Senate Bill 147 would codify aspects of the federal Stark law in Indiana and authorize the state attorney general to investigate certain physician referral arrangements; hospitals, physicians and trade groups urged aligning any state law closely with federal definitions and enforcement protocols.

Senate Bill 147, introduced on the House Insurance Committee floor as the committee considered two Senate measures, would adopt key elements of the federal Stark law into Indiana law and permit the Indiana Attorney General’s office to investigate possible violations.

The bill’s author, State Senator Justin Bush, told the committee the measure is straightforward: “don’t break federal law, but just know that the state of Indiana is also watching, and that we can come in and investigate,” and he cited a high‑profile federal enforcement action involving Community Health Network as impetus for the proposal.

The bill’s sponsors and several testifying groups said they support the intent — preventing financial incentives that steer patients toward in‑network care for profit rather than clinical need — but many urged careful drafting so the state statute does not diverge from the federal framework. Grant Achenbach, testifying for the Indiana State Medical Association, said the association was neutral and asked the committee to ensure state language “is aligned with federal law so that we’re not creating duplicative standards.”

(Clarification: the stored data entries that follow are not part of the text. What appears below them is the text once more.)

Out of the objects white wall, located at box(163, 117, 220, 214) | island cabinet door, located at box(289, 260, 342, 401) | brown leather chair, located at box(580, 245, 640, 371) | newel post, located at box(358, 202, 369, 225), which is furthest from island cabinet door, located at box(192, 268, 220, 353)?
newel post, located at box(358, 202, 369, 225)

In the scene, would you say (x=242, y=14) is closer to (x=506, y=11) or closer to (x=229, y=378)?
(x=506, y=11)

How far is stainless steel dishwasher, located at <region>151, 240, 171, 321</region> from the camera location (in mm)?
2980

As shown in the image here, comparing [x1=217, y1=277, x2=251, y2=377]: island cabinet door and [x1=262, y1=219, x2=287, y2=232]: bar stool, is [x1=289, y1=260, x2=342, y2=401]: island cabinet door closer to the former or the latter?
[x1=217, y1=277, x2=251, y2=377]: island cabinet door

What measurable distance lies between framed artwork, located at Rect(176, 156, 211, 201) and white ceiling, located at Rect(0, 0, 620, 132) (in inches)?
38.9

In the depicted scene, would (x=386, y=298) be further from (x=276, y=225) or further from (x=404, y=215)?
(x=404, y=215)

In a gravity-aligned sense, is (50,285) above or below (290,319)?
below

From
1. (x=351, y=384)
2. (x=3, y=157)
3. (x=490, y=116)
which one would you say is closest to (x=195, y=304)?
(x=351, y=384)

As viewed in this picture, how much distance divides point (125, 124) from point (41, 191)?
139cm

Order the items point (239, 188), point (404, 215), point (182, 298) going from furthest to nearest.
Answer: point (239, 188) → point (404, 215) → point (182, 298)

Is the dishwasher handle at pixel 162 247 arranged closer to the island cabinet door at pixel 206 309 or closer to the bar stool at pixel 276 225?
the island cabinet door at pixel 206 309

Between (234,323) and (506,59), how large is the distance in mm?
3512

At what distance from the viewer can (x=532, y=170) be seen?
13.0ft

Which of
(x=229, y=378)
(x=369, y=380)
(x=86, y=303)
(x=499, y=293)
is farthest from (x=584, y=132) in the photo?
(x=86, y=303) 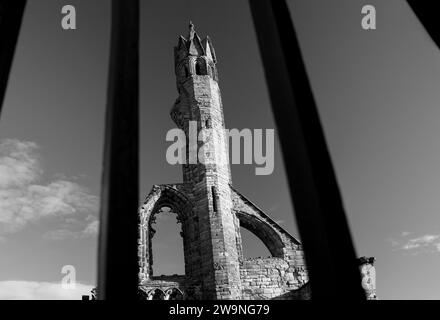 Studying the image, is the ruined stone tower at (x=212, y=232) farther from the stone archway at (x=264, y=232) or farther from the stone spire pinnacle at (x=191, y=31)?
the stone spire pinnacle at (x=191, y=31)

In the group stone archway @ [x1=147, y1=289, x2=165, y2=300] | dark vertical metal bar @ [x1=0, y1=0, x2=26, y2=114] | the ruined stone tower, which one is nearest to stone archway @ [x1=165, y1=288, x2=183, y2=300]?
the ruined stone tower

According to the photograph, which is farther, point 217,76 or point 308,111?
point 217,76

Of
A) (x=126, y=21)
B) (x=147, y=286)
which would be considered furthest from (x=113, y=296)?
(x=147, y=286)

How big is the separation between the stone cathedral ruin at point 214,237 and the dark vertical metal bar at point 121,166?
37.2 feet

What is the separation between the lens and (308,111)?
3.73 feet

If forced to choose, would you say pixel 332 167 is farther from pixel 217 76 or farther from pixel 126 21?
pixel 217 76

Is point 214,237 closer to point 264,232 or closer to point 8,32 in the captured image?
point 264,232

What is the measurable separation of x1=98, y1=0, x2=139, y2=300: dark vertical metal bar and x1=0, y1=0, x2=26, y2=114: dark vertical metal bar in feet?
1.32

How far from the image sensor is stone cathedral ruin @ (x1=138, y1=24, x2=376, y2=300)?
12.0 meters

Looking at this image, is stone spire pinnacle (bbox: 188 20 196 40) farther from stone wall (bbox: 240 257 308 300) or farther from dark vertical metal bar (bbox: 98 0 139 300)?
dark vertical metal bar (bbox: 98 0 139 300)

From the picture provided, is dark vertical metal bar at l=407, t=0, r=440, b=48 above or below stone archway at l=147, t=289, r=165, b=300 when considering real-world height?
below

Brian Heaton, representing the Indiana Hospital Association, described the complexity of the federal Stark law, which applies to Medicare and Medicaid referrals and includes numerous definitions and more than two dozen exceptions that providers rely on. He told the committee that a state law that does not precisely incorporate the federal definitions, exceptions and enforcement procedures could create “unintended consequences for providers,” particularly in rural areas where referral patterns differ.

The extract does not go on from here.